While there have been positive interactions with homosexual rights activists — Lopez says he has “had a lot of positive dialogue with gay men and lesbians who care about women's rights and children's rights” and “wrote the preface to a French book by Jean-Pierre Delaume-Myard, a gay man opposed to any gay platform that eradicates motherhood or children's rights” — he also “cannot describe the worst of the interactions because there are so many and it's been relentless. I'd have to write a three-volume epic.”

In his American Thinker piece, Lopez compared the homosexual lobby's efforts to garner rights over children to slavery.

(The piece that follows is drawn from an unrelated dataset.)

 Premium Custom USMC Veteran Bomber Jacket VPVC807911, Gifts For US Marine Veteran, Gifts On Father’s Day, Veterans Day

He told LifeSiteNews, “I studied the numbers and found that there is no shortage of couples who want to adopt orphans, abandoned children, or children who have been removed from abusive homes by the state. If there is a child who doesn't have anyone to care for it, many homes with a mom and dad are available. If, theoretically, there was absolutely nobody except for two men or two women to care for such a child, who would oppose gay adoption? But that is not reality.”

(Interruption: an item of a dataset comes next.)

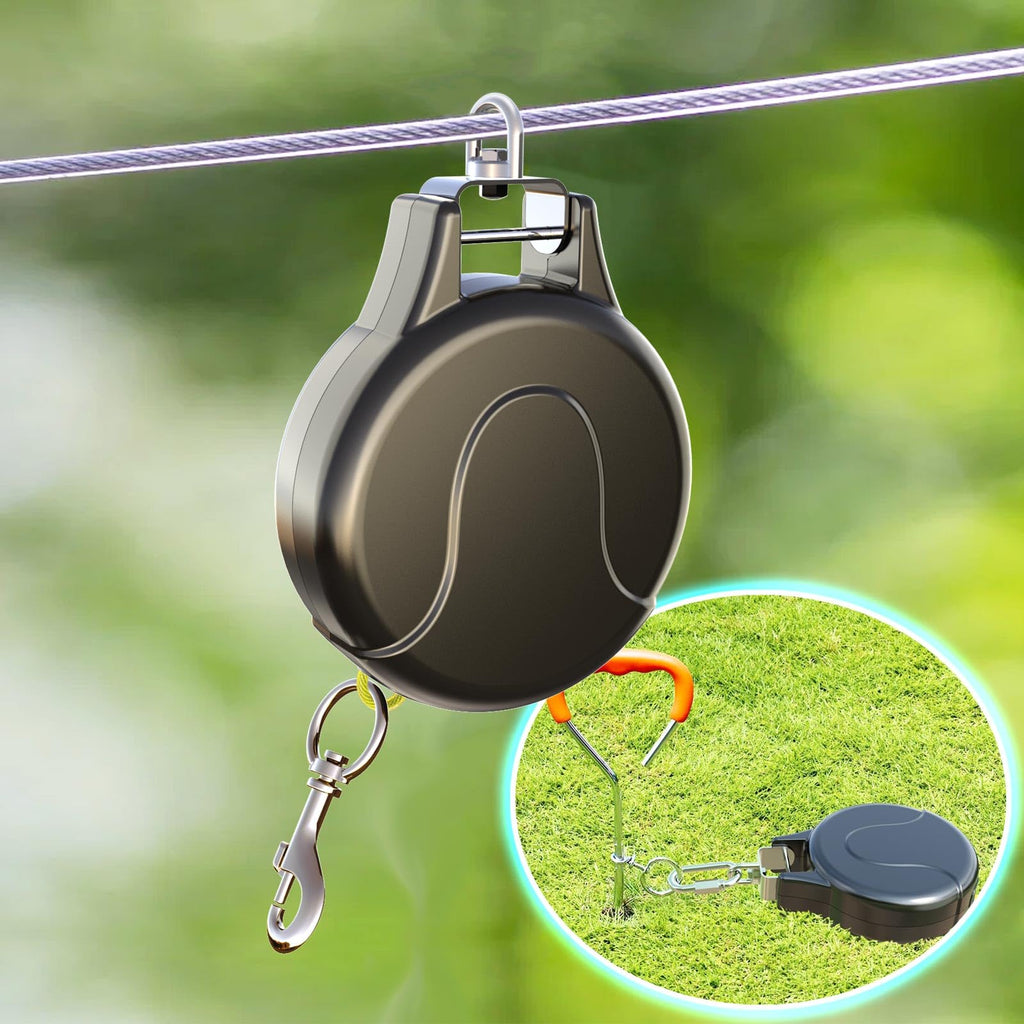 30ft Retractable Dog Tie Out Cable - 2-in-1 Retractable Dog Tie Out for Dog Zipline,Aerial Run Cable,Dog Tie Out Trolley Or Dog Stake Dog Anchor, No Tangle Retractable Tie Out Reel for Camping Or Yard 30FT Black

Instead, said Lopez, “the reality is that gay advocacy groups are pushing for the creation of children through artificial reproduction technology and for adoption systems that give children to gay couples because the gay couples want to be parents, not because children need to be in their homes. In the end, it is money and legal possession that forces the child into an emotional relationship, a kind of captivity, under the authority of two adults who have purchased the right to control this person.”

“This is the transformation of human beings into chattel in a way we haven't seen since before slavery was abolished. I have stated many times that this isn't identical to the African slave trade, which involved far worse abuse, but there is an undeniable commonality between pre-13th-Amendment slavery and what is being advocated by groups like the Human Rights Campaign,” Lopez said.

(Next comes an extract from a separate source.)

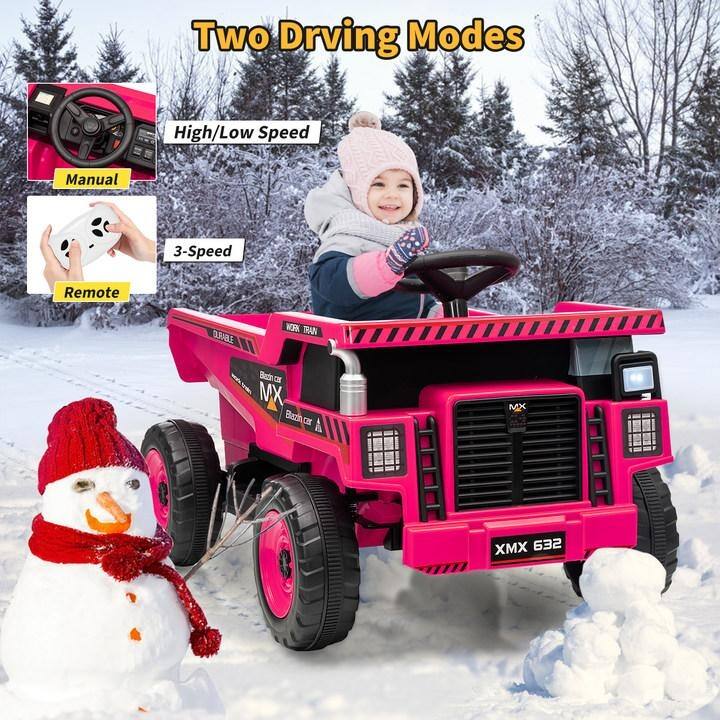 12V Ride-On Dump Truck with Remote Control, Automatic Lift Bed, Shovel & Music Player – for Kids Ages 3–8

In both slavery and modern-day efforts of the homosexual lobby, “children are being forcibly removed from their birth kin and assigned custodians through a system based on buying and selling human beings. If [gay rights groups] do not like being compared to slavers, then they should come out strong against any arrangements that involve treating human beings like commodities for sale.”

“I want to point out,” said Lopez, “that I oppose heterosexuals who do similar things to treat children like products.”